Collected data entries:
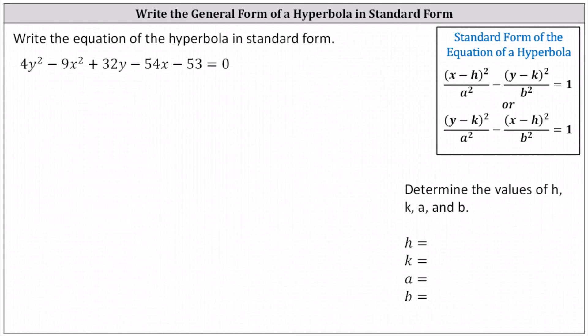Write the equation of the hyperbola in standard form. Analyzing the equation, notice the y squared term is positive and the x squared term is negative, which means in standard form we'll write the equation in the second form, shown here on the right, where we have the y part minus the x part equals one.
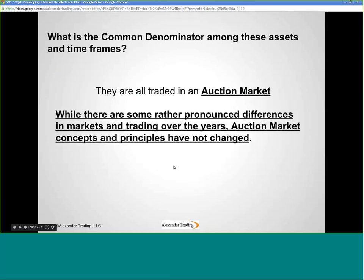It's very popular these days to say the markets have changed, they're different, you can't trade them, they're manipulated, they're too fast, computers control them. But the markets have always been manipulated and always will be. There have been pronounced differences in markets and trading since I started in the mid-80s — things are electronic, we have access we didn't have then. But it really hasn't helped traders very much. What hasn't changed is that all of these assets and timeframes follow the concepts and principles of auction market development. You've got an extraordinarily timeless and robust approach to use as a basis for developing a trade plan.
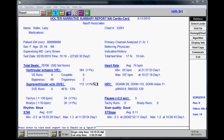You can view the supraventricular ectopics, the number of VE runs, the percentage of atrial fib, and you can view your tachys and bradys.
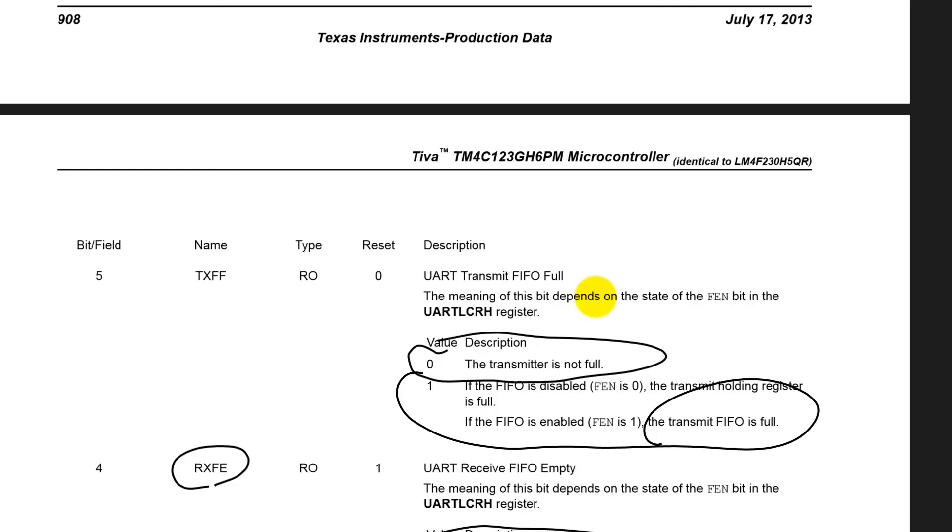All right, you try. Don't be afraid of the data sheet. Don't fear the data sheet.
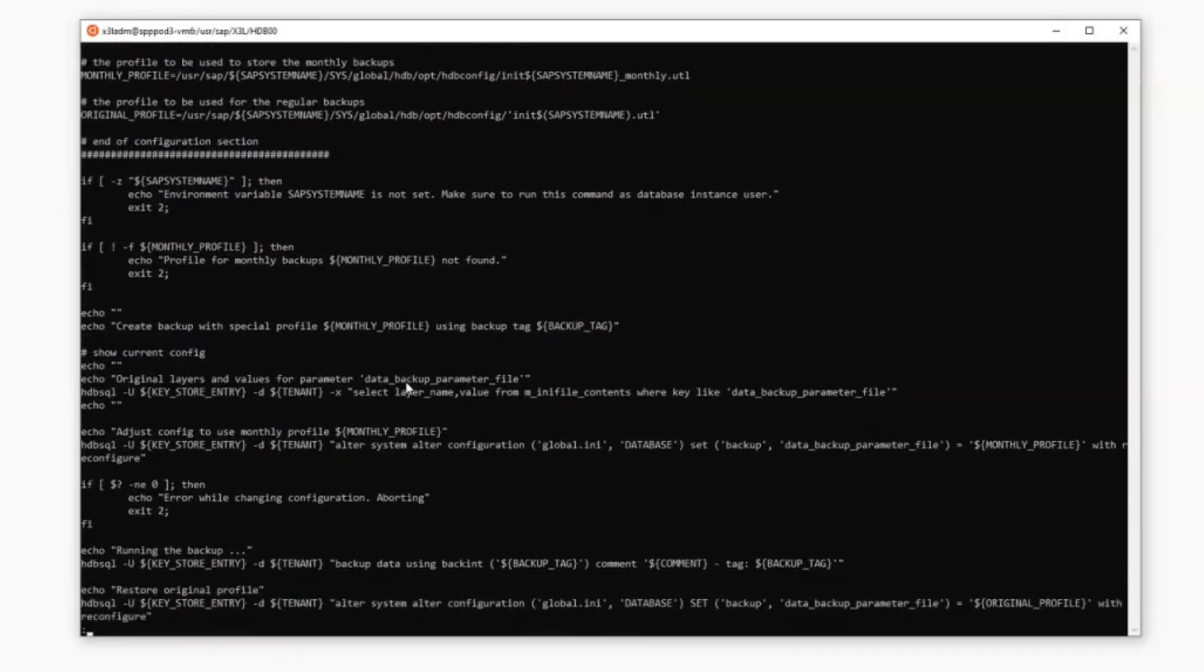So go ahead and take a look at this monthly backup script if you're interested in doing monthly backups. And remember, there's also write-ups in the new tech note. Thank you very much.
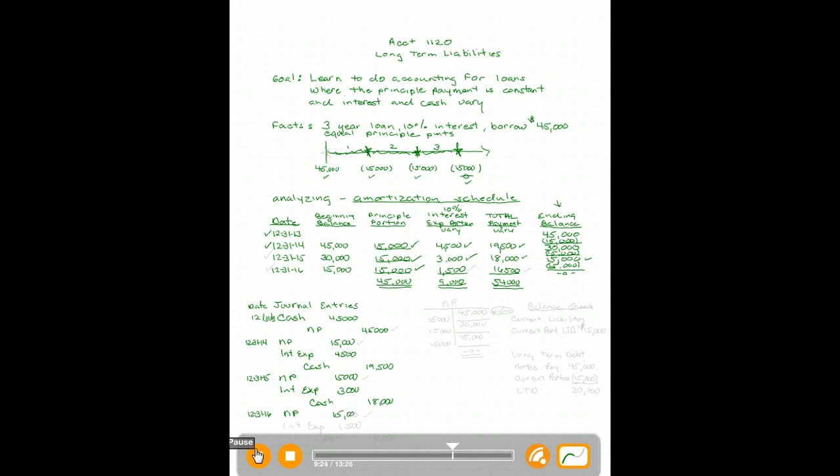For the third year, 12/31/16, when we pay off the loan: debit Notes Payable fifteen thousand, debit Interest Expense fifteen hundred, and credit Cash sixteen thousand five hundred. You use the amortization schedule to analyze the transactions and get your journal entries for all the years.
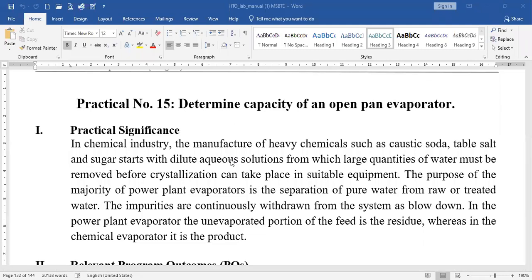In this session we are going to discuss the practical related to the evaporation process — that is, to determine the capacity of an open pan evaporator. We have discussed the evaporation operation, which is the operation where we are required to increase the concentration of thin liquor or weak solution to get thick liquor or a highly concentrated solution.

▶ ACTION ITEM: In the records, the line containing "All right, you" starts the span and the final line ends it. Output exactly that span, both ends included, with no pictures and nothing else.

▶ YOUR SOLUTION:
All right, you try. Don't be afraid of the data sheet. Don't fear the data sheet.
So go ahead and take a look at this monthly backup script if you're interested in doing monthly backups. And remember, there's also write-ups in the new tech note. Thank you very much.
For the third year, 12/31/16, when we pay off the loan: debit Notes Payable fifteen thousand, debit Interest Expense fifteen hundred, and credit Cash sixteen thousand five hundred. You use the amortization schedule to analyze the transactions and get your journal entries for all the years.
In this session we are going to discuss the practical related to the evaporation process — that is, to determine the capacity of an open pan evaporator. We have discussed the evaporation operation, which is the operation where we are required to increase the concentration of thin liquor or weak solution to get thick liquor or a highly concentrated solution.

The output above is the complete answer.